╔══

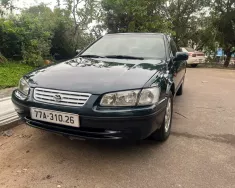 Toyota Camry 1999 - Chính chủ cần bán xe Camry 2.2 xăng nhớt là đi giá 100 triệu tại Bình Định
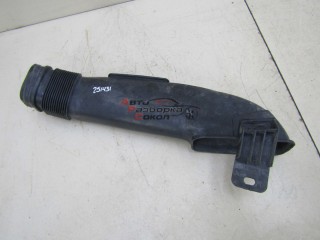 Патрубок воздушного фильтра Peugeot 407 2004-2010 251431 144055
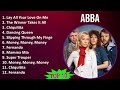 ABBA 2025 MIX Best Collection ABBA 2025 MIX Best Collection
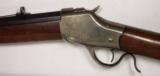 Winchester 1885 Hi Wall 38-56 - 7 of 15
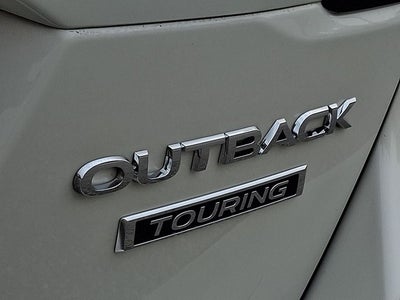 2023 Subaru Outback Touring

╚══

| Task to complete |
Every line from the one containing "Патрубок воздушного фильтра" to the final line of the records should be duplicated exactly; no picture is to be copied.

| Solution below |
 Патрубок воздушного фильтра Peugeot 407 2004-2010 251431 144055
 ABBA 2025 MIX Best Collection ABBA 2025 MIX Best Collection
 Winchester 1885 Hi Wall 38-56 - 7 of 15
 2023 Subaru Outback Touring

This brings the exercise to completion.